SOURCE RECORDS:
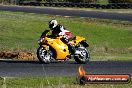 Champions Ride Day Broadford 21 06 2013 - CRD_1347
...
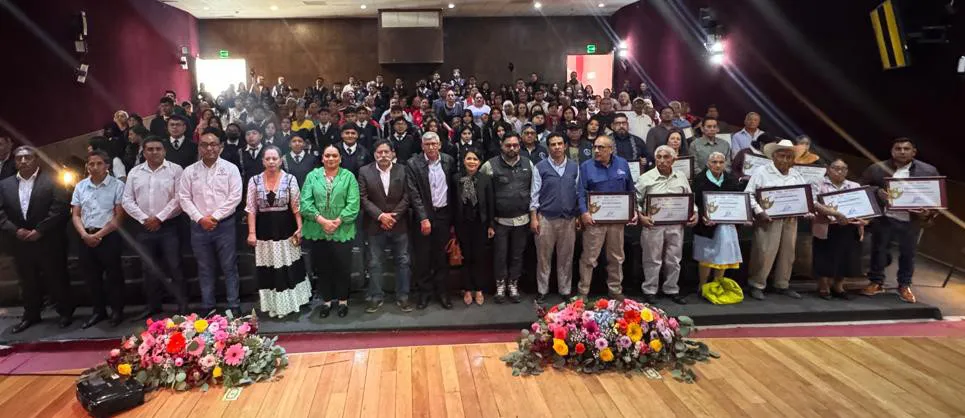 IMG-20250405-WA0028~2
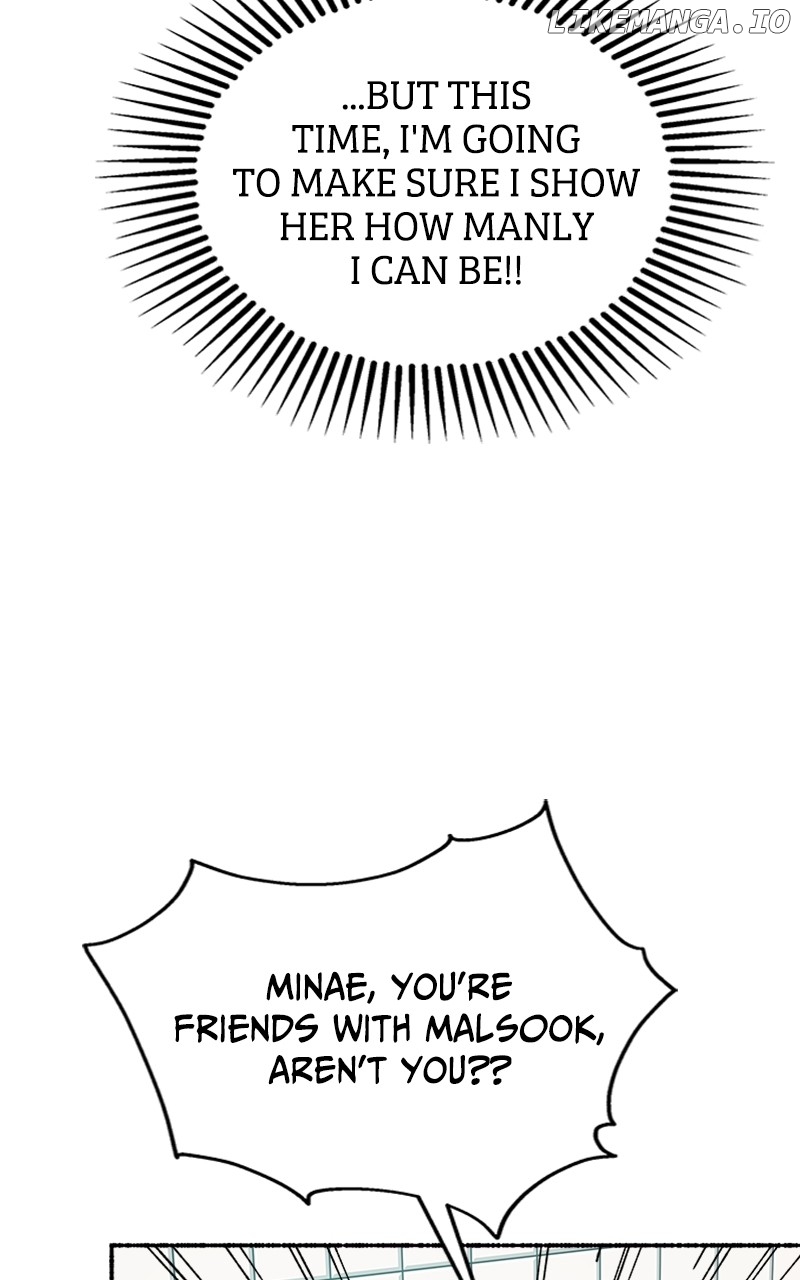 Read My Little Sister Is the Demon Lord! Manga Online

PROBLEM:
Beginning at the line above that contains "IMG-20250405-WA0028~2" and going on through the line that contains "Read My Little", please copy every line exactly, leaving the pictures out and adding nothing.

RESULT FOR THIS TASK:
 IMG-20250405-WA0028~2
 Read My Little Sister Is the Demon Lord! Manga Online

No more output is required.